What you will do: Could you retype the records word for word but without any pictures?

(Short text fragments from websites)
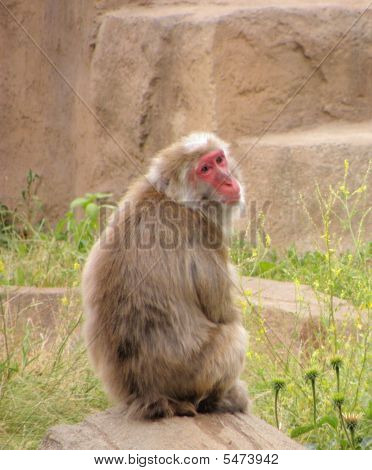 Einsame Monkey Rückblick
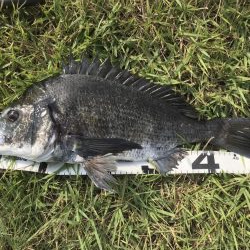 イチノ兄弟、釣果！！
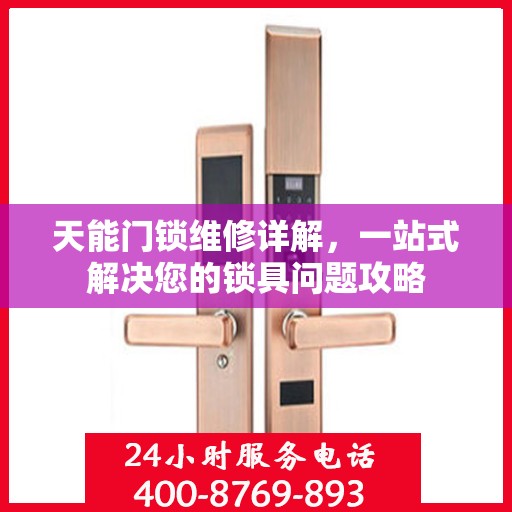 天能门锁维修详解，一站式解决您的锁具问题攻略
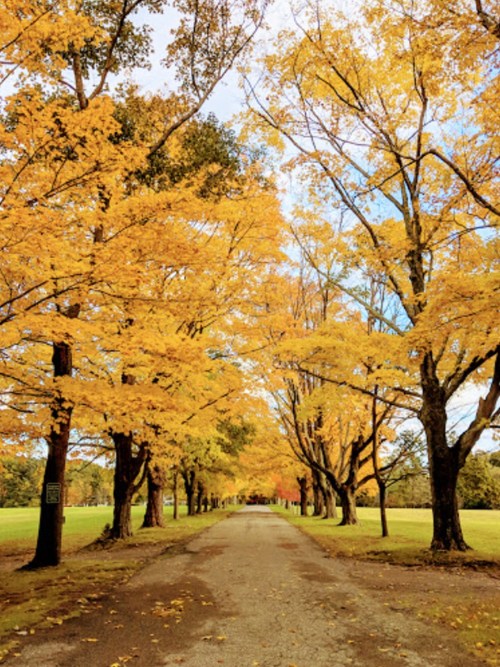 A tree-lined path with vibrant yellow autumn leaves under a clear blue sky.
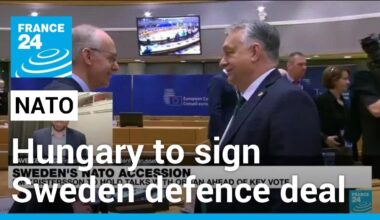 Hungary says will sign defence industry deal with Sweden amid NATO bid • FRANCE 24 English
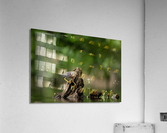 DSC04263 Edit Acrylic Print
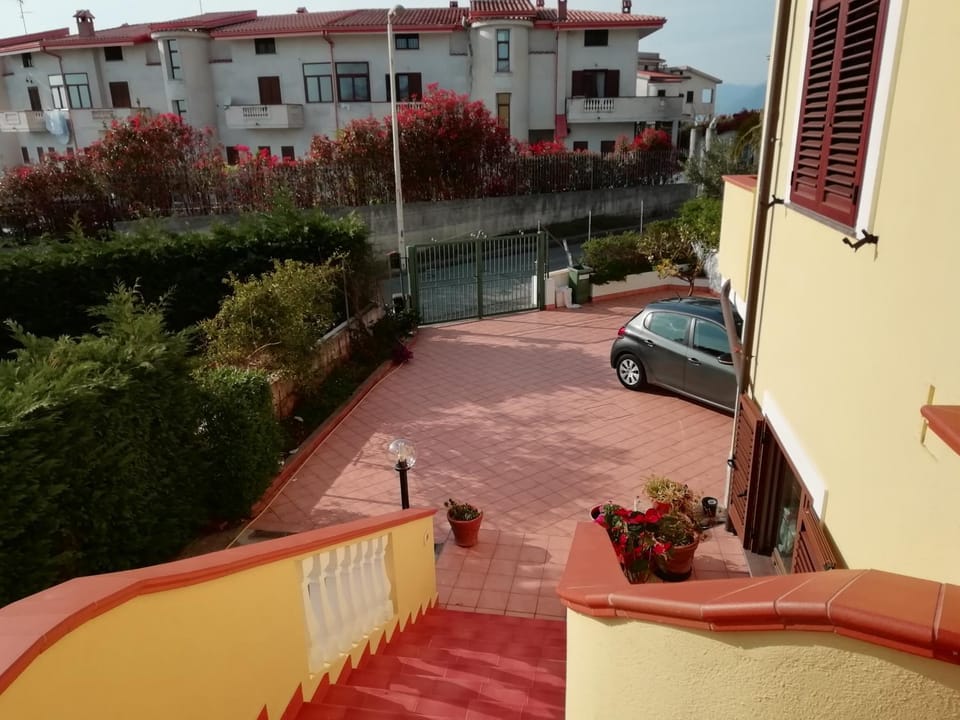 Garden, Street view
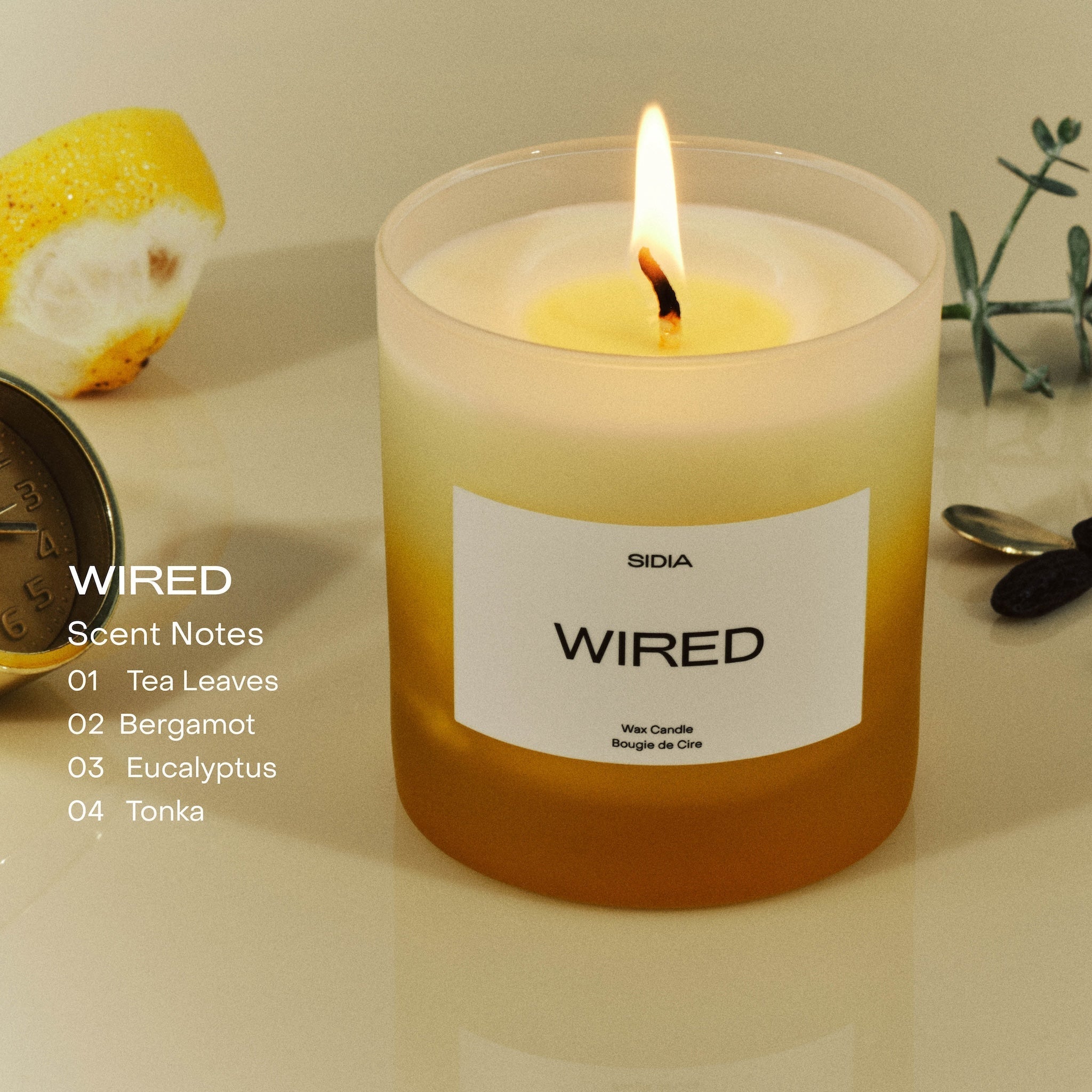 Sidia Premium Wired Candle - Long-Lasting Scented Candles for Home, Office & Romantic Dinners - Perfect for Relaxation, Aromatherapy & Holiday Decor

Response to the exercise:
 Einsame Monkey Rückblick
 イチノ兄弟、釣果！！
 天能门锁维修详解，一站式解决您的锁具问题攻略
 A tree-lined path with vibrant yellow autumn leaves under a clear blue sky.
 Hungary says will sign defence industry deal with Sweden amid NATO bid • FRANCE 24 English
 DSC04263 Edit Acrylic Print
 Garden, Street view
 Sidia Premium Wired Candle - Long-Lasting Scented Candles for Home, Office & Romantic Dinners - Perfect for Relaxation, Aromatherapy & Holiday Decor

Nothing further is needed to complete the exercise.